> [The data]:
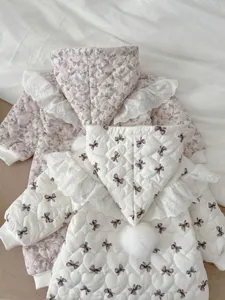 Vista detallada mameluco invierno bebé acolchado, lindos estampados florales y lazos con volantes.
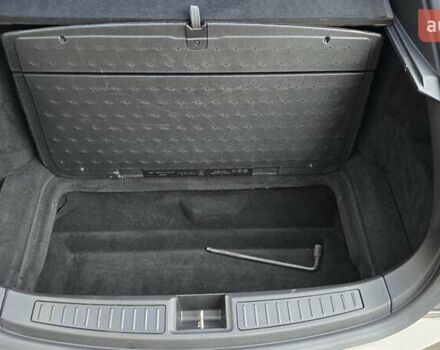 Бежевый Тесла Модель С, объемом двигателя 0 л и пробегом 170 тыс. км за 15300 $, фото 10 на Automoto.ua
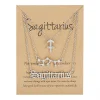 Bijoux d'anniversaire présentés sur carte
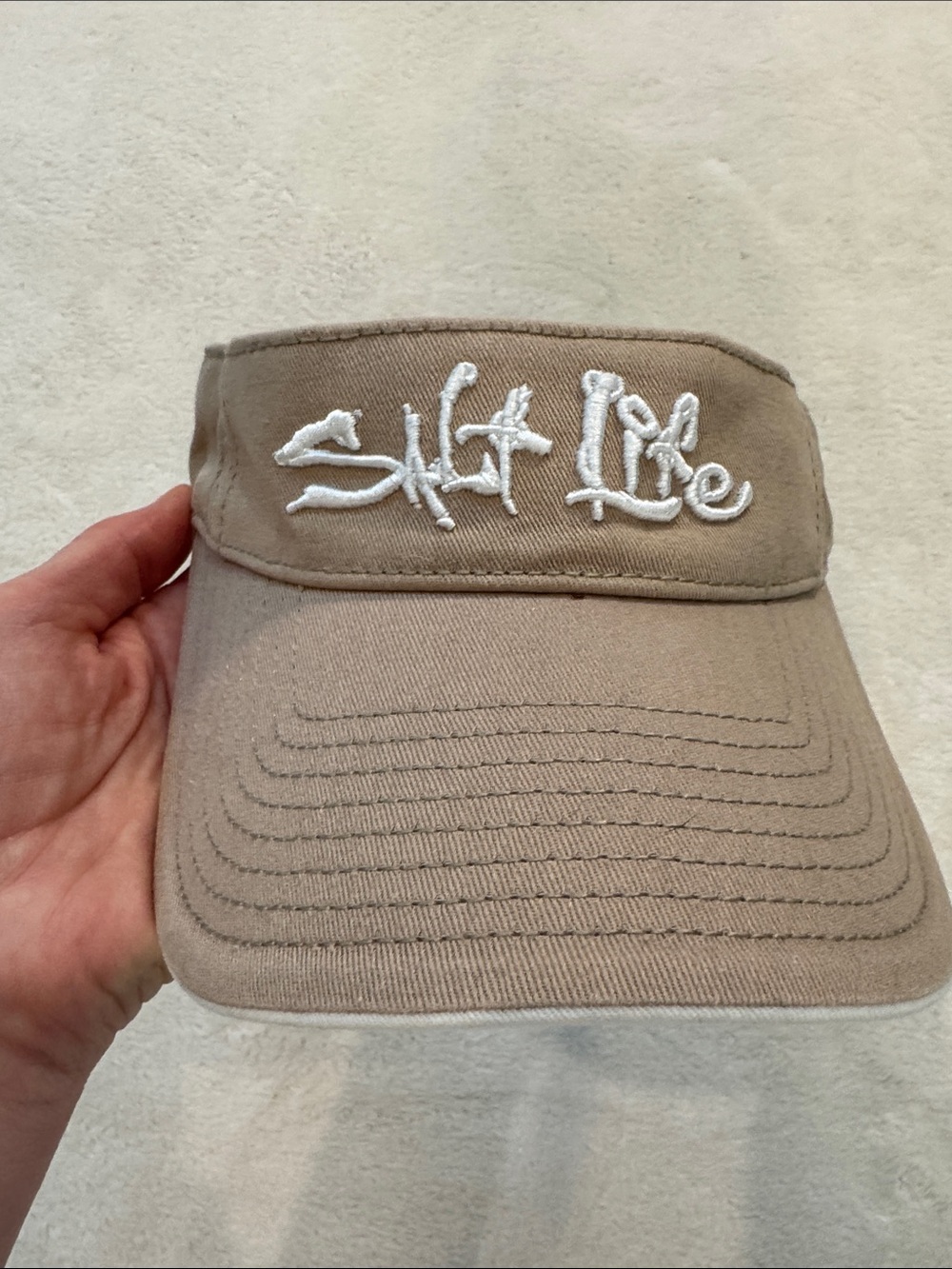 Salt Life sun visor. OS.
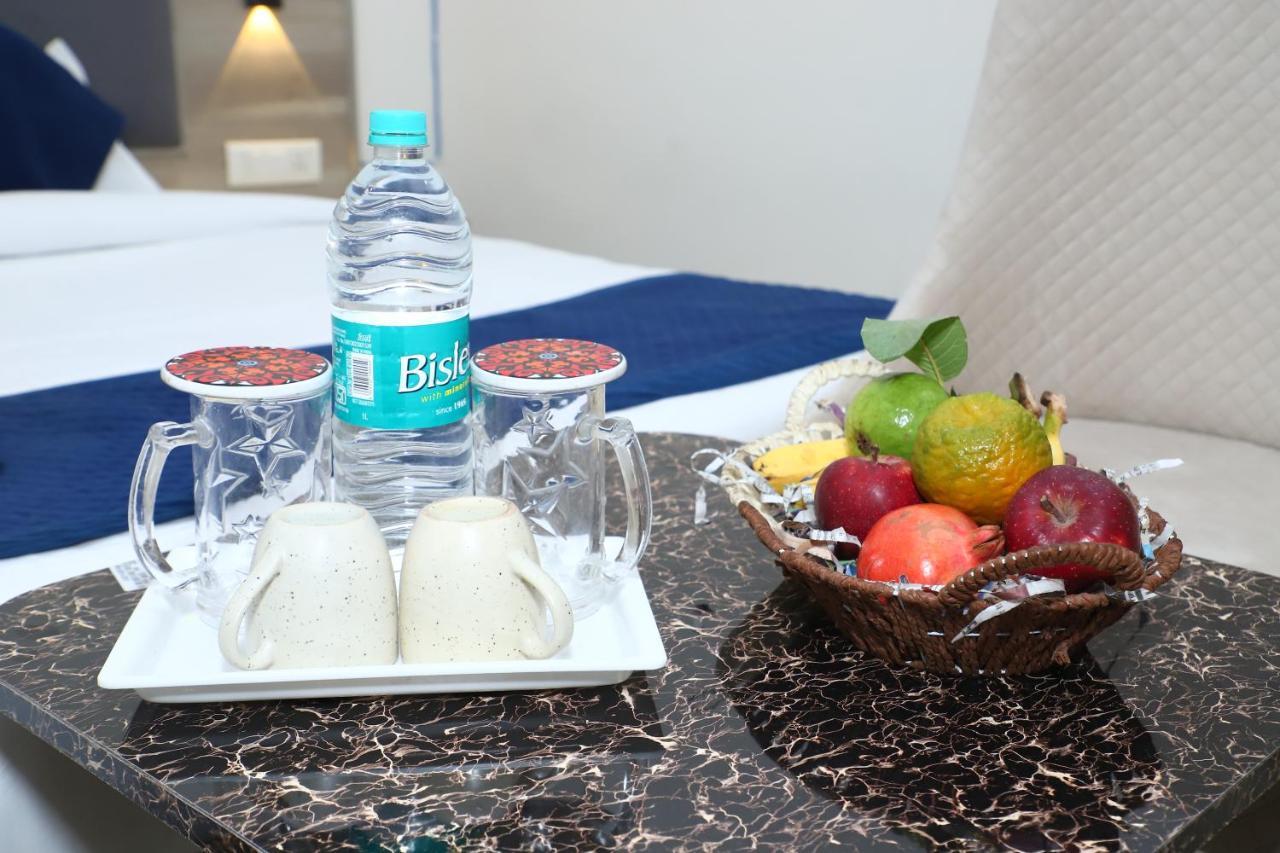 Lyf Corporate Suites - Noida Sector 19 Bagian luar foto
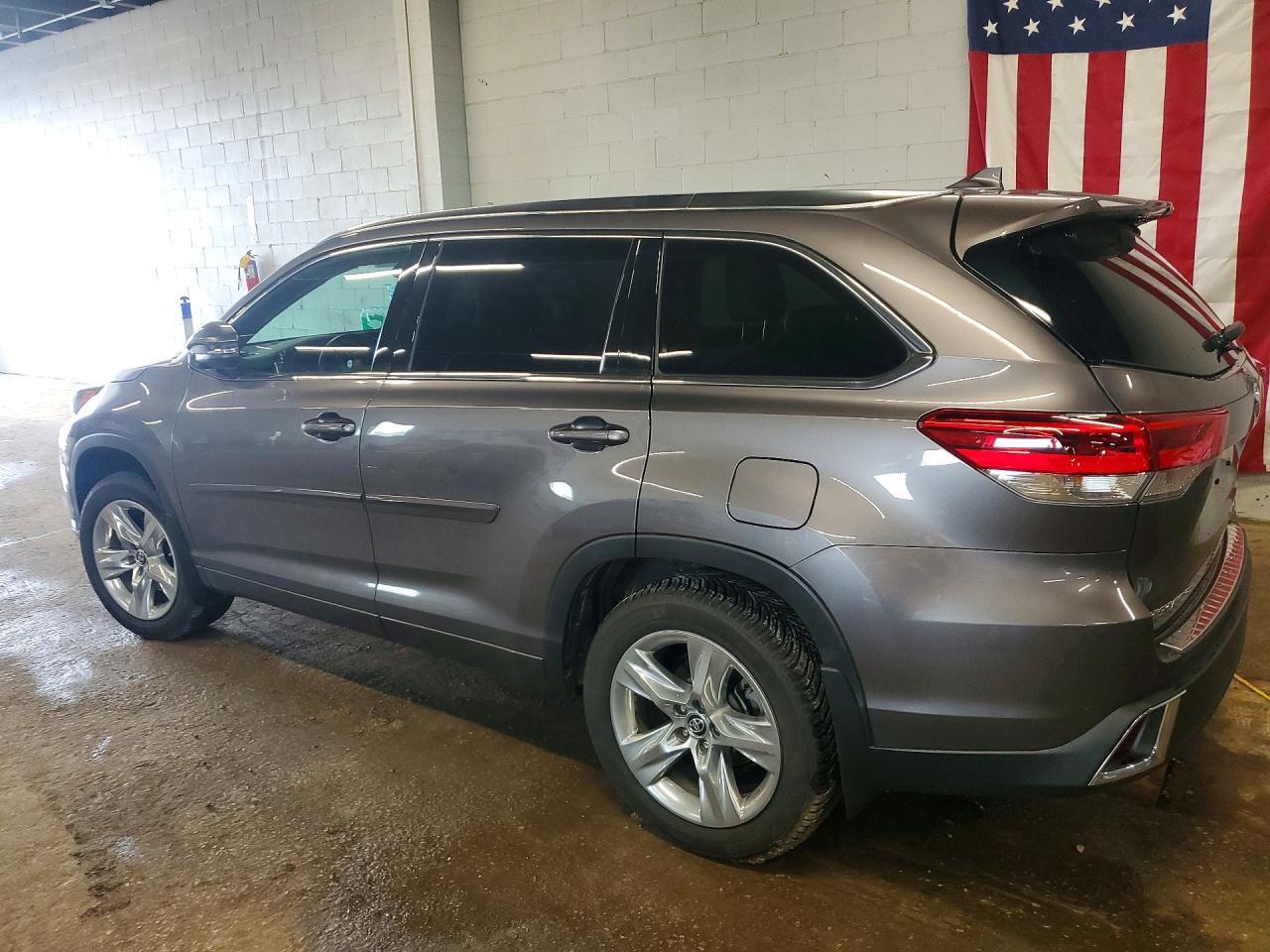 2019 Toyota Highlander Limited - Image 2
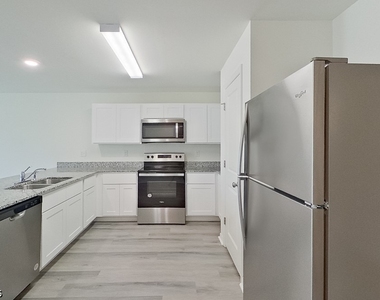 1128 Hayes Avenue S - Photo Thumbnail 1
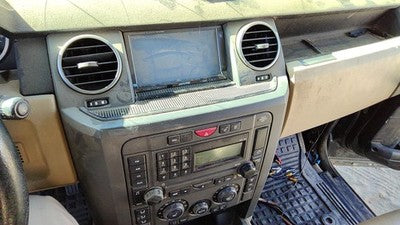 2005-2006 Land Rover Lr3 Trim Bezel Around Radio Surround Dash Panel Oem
==
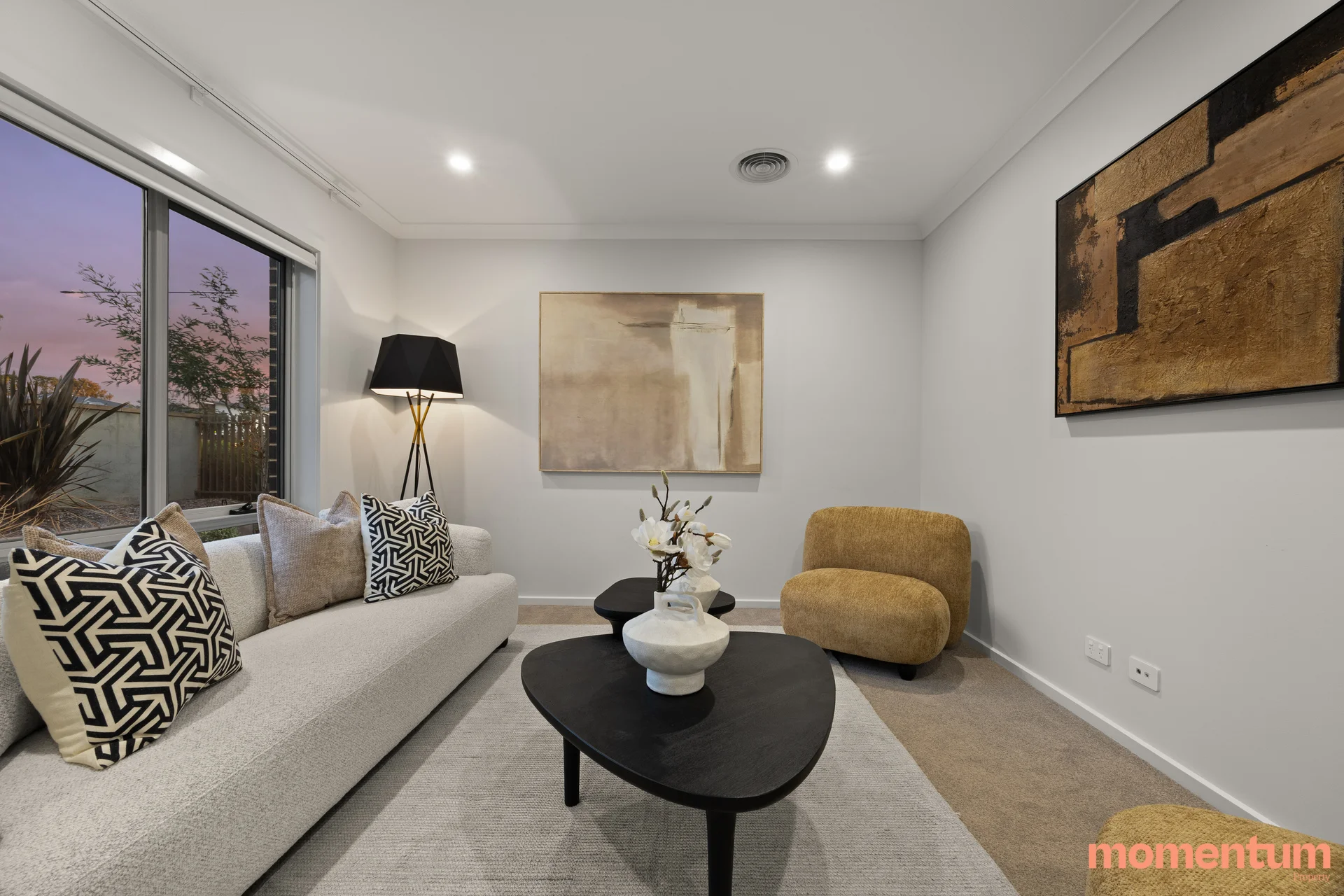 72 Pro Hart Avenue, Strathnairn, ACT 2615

> [Aim of the task]:
Reproduce exactly, with no pictures, the lines above from the one holding "1128 Hayes Avenue S - Photo Thumbnail 1" to the one holding "2005-2006 Land Rover", inclusive.

> [Reply]:
 1128 Hayes Avenue S - Photo Thumbnail 1
 2005-2006 Land Rover Lr3 Trim Bezel Around Radio Surround Dash Panel Oem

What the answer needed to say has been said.